Designing Failure Detectors and Idempotent APIs in Real Systems

Context

Grounded in notes from Models of distributed systems and practical experience building APIs that behave well under retries.

Modern services operate over unreliable networks and imperfect nodes. Two ideas quietly underpin reliable behavior at scale: failure detection and idempotency. This post bridges theory and production patterns you can ship.

Failure detection: from theory to production

System model awareness: Most prod systems are effectively partially-synchronous with fair-loss links and crash-recovery nodes. Design detectors accordingly.
Timeouts are not truth: A timeout doesn’t prove a crash; it indicates suspicion. Treat detectors as eventually perfect, not oracles.
Probe patterns:
- Heartbeats with adaptive timeouts (quantile-based per-peer RTTs).
- Gossip to spread suspicion; converge faster without centralized bottlenecks.
- Lease-based liveness for leaders; tie safety to expirations, not heartbeats alone.
Operational practices:
- Expose detector state (suspected, confirmed, cleared) and transitions in metrics/logs.
- Separate detection from action. Let higher layers decide to shed, reroute, or degrade.
- Use jittered backoff to avoid thundering herds during partitions.

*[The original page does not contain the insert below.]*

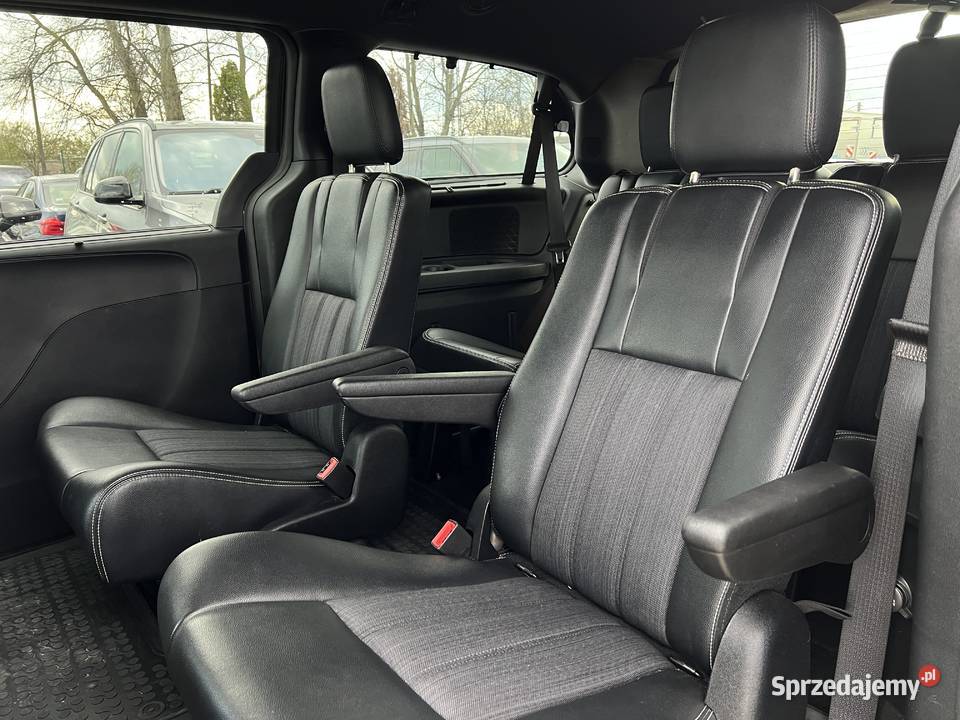 Lancia Voyager S 2014 2776cm3 Warszawa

FIFO from reliable links: a pragmatic recipe

Reliable links may reorder messages. To achieve FIFO per-peer:

Attach a monotonically increasing sequence number per sender → receiver pair.
Receiver accepts seq == expected; buffers future (seq > expected); drops duplicates (seq < expected).
Persist expected in crash-recovery systems; replay buffer bounded by window size.

This mirrors the exercise in Models of distributed systems with production concerns (persistence, bounds, metrics).

Idempotency: the contract that tames retries

Why: Clients retry on timeouts; networks duplicate and reorder. Without idempotency, retried POST can create duplicate effects.
Contract: Client supplies an Idempotency-Key that scopes the intended effect. Server guarantees that repeats with the same key are safe.
Store design:
- Durable write-ahead record keyed by (client_id, idempotency_key) with status and final response pointer.
- Lock-free fast path: first request wins; losers return stored result.
- TTL cleanup for incomplete/abandoned attempts.
Side effects:
- Decompose operations to identify the “commit point”. Ensure external effects (emails, webhooks) are tied to committed records and deduplicated by key.
- Outbox pattern to make side effects at-least-once and idempotent downstream.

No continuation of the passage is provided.